考えられる副作用には次のものがあります。
- 感染 — 注射後に関節が感染することはめったにありません。ステロイドは一般に、体が感染症と闘うのを難しくする原因にもなります。熱がある場合や感染していると思われる場合は、医師に連絡してください。
- 関節または腱の損傷 —ステロイド注射が関節または腱に損傷を与えることはめったにありません。患者さんはこのリスクについて医師と話し合うことをお勧めします。腱断裂 — 腱の周囲にステロイド注射を行う場合、まれなリスクは腱の断裂です。これは、すでに弱くなっているか部分的に破裂している腱の周囲によく見られ、脚の腱によく見られます。腱の周囲にステロイド注射を行う場合は、24〜48時間休息させてその部位を固定するのが最善です。
- 注射後の痛み — 患者さんによっては、注射した関節の痛みや不快感が増すことがあります。ステロイドへの反応、または関節への出血が原因であると考えられています。注射後の痛みは、アイスパックまたはNSAIDs を含む鎮痛剤で治療できます。
- フラッシング —注射後、一部の患者は「紅潮」を感じます。これは通常深刻ではありませんが、このようなことが起こった場合は患者は医師に伝えてください。
- 血糖値の上昇 — ステロイド注射は、糖尿病患者の血糖値を上昇させることがあります。これらの患者は、注射後数日間は必ず血糖値を検査する必要があります。
- 皮膚の変化 — ステロイド注射によって皮膚に変化が生じることはほとんどありません。色素の喪失 — ステロイド注射により、皮膚の一部が色素を失います(白斑と呼ばれます)。これは肌の色が濃い人によく見られます。脂肪層の減少 — ステロイドは、皮膚のすぐ下の脂肪層が減少(脂肪壊死と呼ばれます)を引き起こし、うつ病や異常な外観を引き起こしたり、皮膚が紫色に変色したりすることもあります。深刻ではありませんが、面白そうに見えるかもしれません。時間が経つにつれて、脂肪は通常戻ります。このような場合、通常、ステロイド注射は非常にうまくいきました。発疹-ステロイド注射は、斑状出血と呼ばれる腕の発疹を引き起こすことがあります。
- 睡眠障害とエネルギー増加 — ステロイド注射は、患者に活力を与えることがあります。これにより、眠りにくくなることがあります。

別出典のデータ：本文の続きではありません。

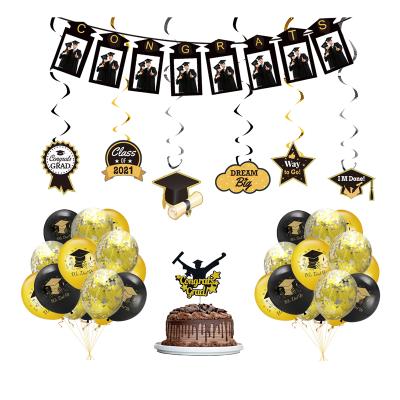 China Indoor Nicro Graduation Theme Party Supplies For Cake Topper With Graduation Decoration Party 2021 Photo Banner Swirl Latex Balloon for sale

副作用が心配な場合は、かかりつけの医師にご相談ください。
コルチゾンを服用してはいけない患者には以下が含まれます:
- コルチコステロイドまたは注射中の成分に対して以前にアレルギー反応を起こしたことがある患者
- コルチゾン治療にうまく反応しなかった患者
- おそらく活動性感染症または全身性真菌感染症の患者
- 血液凝固障害(血友病など)の可能性のある患者。
コルチゾン療法を受けている間に妊娠した患者は、医師に伝えてください。一般的に、妊娠中および妊娠しようとしている間は、すべての投薬を避けることをお勧めします。ただし、ステロイドの局所注射は、妊娠中の関節炎のより安全な治療法の1つであると考えられています。
コリチゾンを服用している患者は、注射を受けた後に気分が悪くなったり、副作用が心配な場合は、医師に連絡してください。
コルチコステロイド注射を受けた後に医師に連絡するその他の理由は次のとおりです。